**What to do**
All entries shown below should be duplicated character for character.

*** Material supplied Section Begins ***

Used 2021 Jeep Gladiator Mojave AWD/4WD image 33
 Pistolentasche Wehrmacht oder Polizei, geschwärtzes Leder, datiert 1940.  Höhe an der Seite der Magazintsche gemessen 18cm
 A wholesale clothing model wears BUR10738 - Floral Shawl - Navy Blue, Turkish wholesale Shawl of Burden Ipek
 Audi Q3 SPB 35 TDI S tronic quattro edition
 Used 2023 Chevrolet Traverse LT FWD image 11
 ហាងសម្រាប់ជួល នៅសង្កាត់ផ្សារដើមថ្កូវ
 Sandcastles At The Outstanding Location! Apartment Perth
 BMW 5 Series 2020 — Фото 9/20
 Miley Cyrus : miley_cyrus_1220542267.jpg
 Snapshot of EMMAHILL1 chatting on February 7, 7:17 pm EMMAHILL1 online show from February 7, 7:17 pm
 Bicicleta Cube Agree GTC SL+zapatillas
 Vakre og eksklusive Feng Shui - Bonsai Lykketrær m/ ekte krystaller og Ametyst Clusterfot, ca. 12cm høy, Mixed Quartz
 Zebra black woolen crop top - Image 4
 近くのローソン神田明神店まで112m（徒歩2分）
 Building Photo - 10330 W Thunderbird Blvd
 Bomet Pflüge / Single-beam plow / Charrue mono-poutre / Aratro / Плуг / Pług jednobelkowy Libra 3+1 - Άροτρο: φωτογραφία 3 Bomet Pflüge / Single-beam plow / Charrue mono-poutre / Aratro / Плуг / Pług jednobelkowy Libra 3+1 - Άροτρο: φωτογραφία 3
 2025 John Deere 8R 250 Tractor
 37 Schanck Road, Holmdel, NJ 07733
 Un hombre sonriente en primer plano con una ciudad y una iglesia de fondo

*** Material supplied Section Ends ***

**Result**
Used 2021 Jeep Gladiator Mojave AWD/4WD image 33
 Pistolentasche Wehrmacht oder Polizei, geschwärtzes Leder, datiert 1940.  Höhe an der Seite der Magazintsche gemessen 18cm
 A wholesale clothing model wears BUR10738 - Floral Shawl - Navy Blue, Turkish wholesale Shawl of Burden Ipek
 Audi Q3 SPB 35 TDI S tronic quattro edition
 Used 2023 Chevrolet Traverse LT FWD image 11
 ហាងសម្រាប់ជួល នៅសង្កាត់ផ្សារដើមថ្កូវ
 Sandcastles At The Outstanding Location! Apartment Perth
 BMW 5 Series 2020 — Фото 9/20
 Miley Cyrus : miley_cyrus_1220542267.jpg
 Snapshot of EMMAHILL1 chatting on February 7, 7:17 pm EMMAHILL1 online show from February 7, 7:17 pm
 Bicicleta Cube Agree GTC SL+zapatillas
 Vakre og eksklusive Feng Shui - Bonsai Lykketrær m/ ekte krystaller og Ametyst Clusterfot, ca. 12cm høy, Mixed Quartz
 Zebra black woolen crop top - Image 4
 近くのローソン神田明神店まで112m（徒歩2分）
 Building Photo - 10330 W Thunderbird Blvd
 Bomet Pflüge / Single-beam plow / Charrue mono-poutre / Aratro / Плуг / Pług jednobelkowy Libra 3+1 - Άροτρο: φωτογραφία 3 Bomet Pflüge / Single-beam plow / Charrue mono-poutre / Aratro / Плуг / Pług jednobelkowy Libra 3+1 - Άροτρο: φωτογραφία 3
 2025 John Deere 8R 250 Tractor
 37 Schanck Road, Holmdel, NJ 07733
 Un hombre sonriente en primer plano con una ciudad y una iglesia de fondo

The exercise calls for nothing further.